3) Cash reported at 31 December 2018 excludes $10.0 million of restricted 
cash 
 
4) Reported cash less ($334.3 million) less reported balance sheet debt 
($297.3 million) 
 
5) EBITDAX less net gain arising from the Receivable Settlement Agreement 
('RSA') divided by the weighted average number of ordinary shares 
 
Highlights 
 
· $335 million of cash proceeds were received in 2018 (2017: $263 million) 
 
· Strong cash flow generation, with free cash flow totalling $164 million 
in 2018 (2017: $99 million), an increase of 66% 
 
· Financial strength continues to increase, with unrestricted cash 
balances at 28 February 2019 of $378 million, and net cash at $81 million 
 
· Addition of Sarta and Qara Dagh to the portfolio in 2019 brings further 
near-term production and material growth potential 
 
· Increase in 1P and 2P reserves as of 31 December 2018 to 99 MMbbls (31 
December 2017: 97 MMbbls) and 155 MMbbls (31 December 2017: 150 MMbbls) 

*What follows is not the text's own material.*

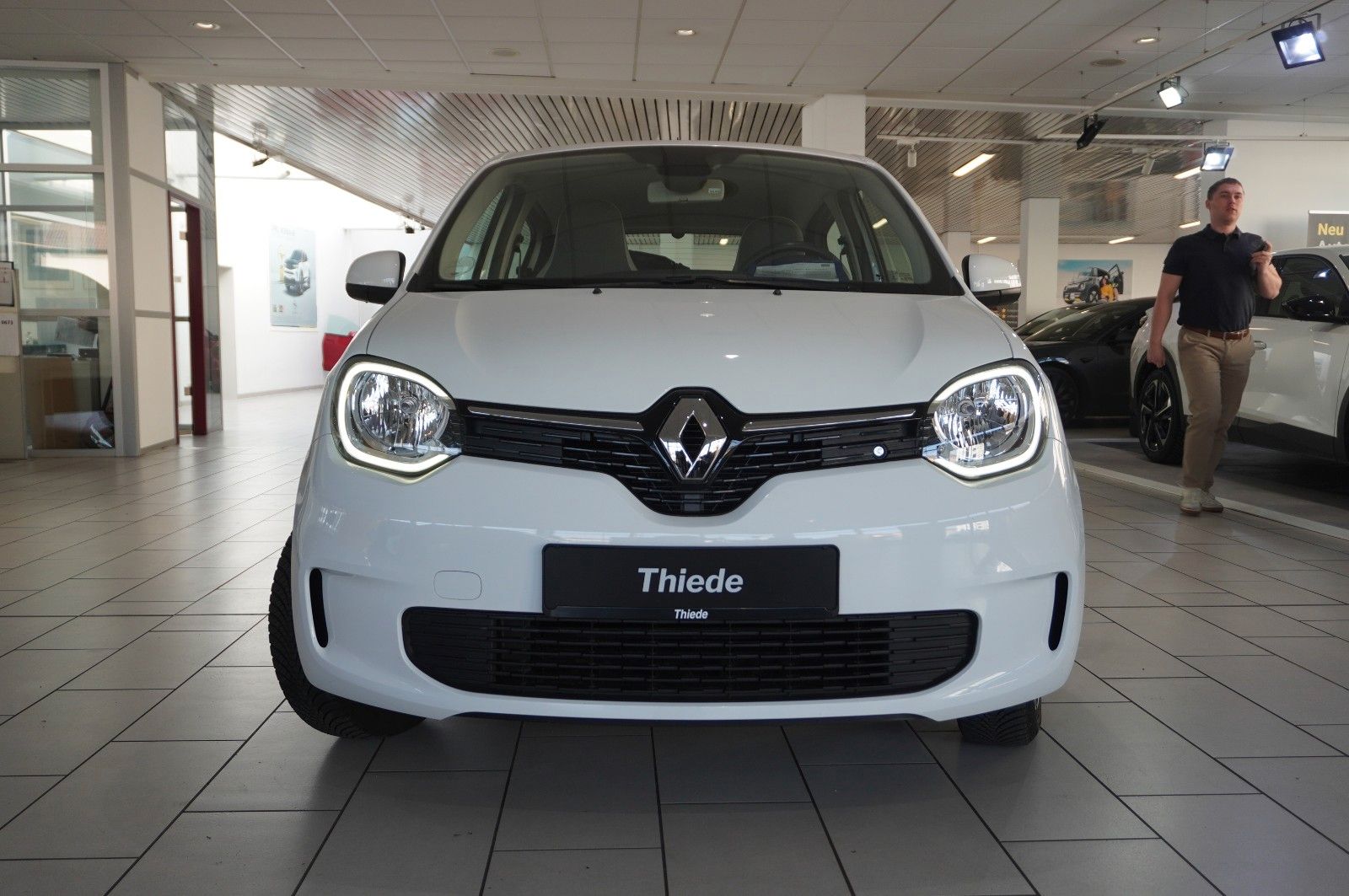 Fahrzeugabbildung Renault Twingo Zen Electric NAVI/LED/USB/TOUCH/DAB/SPORT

respectively, including Sarta 
 
· As disclosed in our trading statement, the carrying value of the Miran 
licence has been under review. Due to the focus on the development of Bina 
Bawi, while Genel continues to see significant opportunity in the licence, 
this has resulted in an accounting impairment to the carrying value 
 
   Outlook 
 
· Production guidance maintained - net production during 2019 is expected 
to be close to Q4 2018 levels of 36,900 bopd, an increase of c.10% 
year-on-year 
 
· Capital expenditure guidance updated to include spend on Sarta and Qara 
Dagh, with net capital expenditure now forecast to be $150-170 million 
(from c.$115 million) 
 
· Opex and G&A guidance unchanged at c.$30 million and c.$20 million 
respectively 
 
· Genel expects to generate material free cash flow of over $100 million 
in 2019, inclusive of investment in Sarta and Qara Dagh 
 
· Given the strong free cash flow forecast of the business, even after 
investment in growth opportunities, Genel is initiating a material and 
sustainable dividend policy 
 
· The Company intends to pay a minimum dividend of $40 million per annum 
starting in 2020, with the intention for this to grow 
 
· The dividend will be split between an interim and final dividend, to 
be paid one-third/two-thirds 
 
· The Company is set to approach bondholders to request a temporary 
waiver of the dividend restriction, which limits dividends to 50% of 
annual net profit, in relation to accelerating the start of distribution 
to 2019 
 
· The Company continues to actively pursue growth and appraise 
opportunities to make value-accretive additions to the portfolio 
 
   Enquiries: 
 
Genel Energy                          +44 20 7659 5100 
 
Andrew Benbow, Head of Communications 
 
Vigo Communications                   +44 20 7390 0230 
 
Patrick d'Ancona 
 
  There will be a presentation for analysts and investors today at 0900 GMT, 
   with an associated webcast available on the Company's website, 
   www.genelenergy.com [1]. 
 
This announcement includes inside information. 
 
   Disclaimer 
 
   This announcement contains certain forward-looking statements that are 
 subject to the usual risk factors and uncertainties associated with the oil 
  & gas exploration and production business. Whilst the Company believes the 
  expectations reflected herein to be reasonable in light of the information 
   available to them at this time, the actual outcome may be materially 
   different owing to factors beyond the Company's control or within the 
   Company's control where, for example, the Company decides on a change of 
   plan or strategy. Accordingly no reliance may be placed on the figures 
   contained in such forward looking statements. 
 
   CHAIRMAN'S STATEMENT 
 
   I am pleased to welcome you to Genel Energy's eighth annual results 
   statement. Political stability in the Kurdistan Region of Iraq and a 
recovery in the oil price provided a positive backdrop for our operations in 
 2018. With a firm focus on our renewed strategy, Genel delivered across all 
   key areas of its business, with the economic tailwinds helping to deliver 
 material free cash flow and to create significant shareholder value. Highly 
 cash generative and growing production, supplemented by recent additions to 
the portfolio, and our financial strength, position us well to continue this 
   performance in coming years. 
 
   Delivering on our strategy 
 
  Our strategic bedrock remains our highly cash-generative producing assets. 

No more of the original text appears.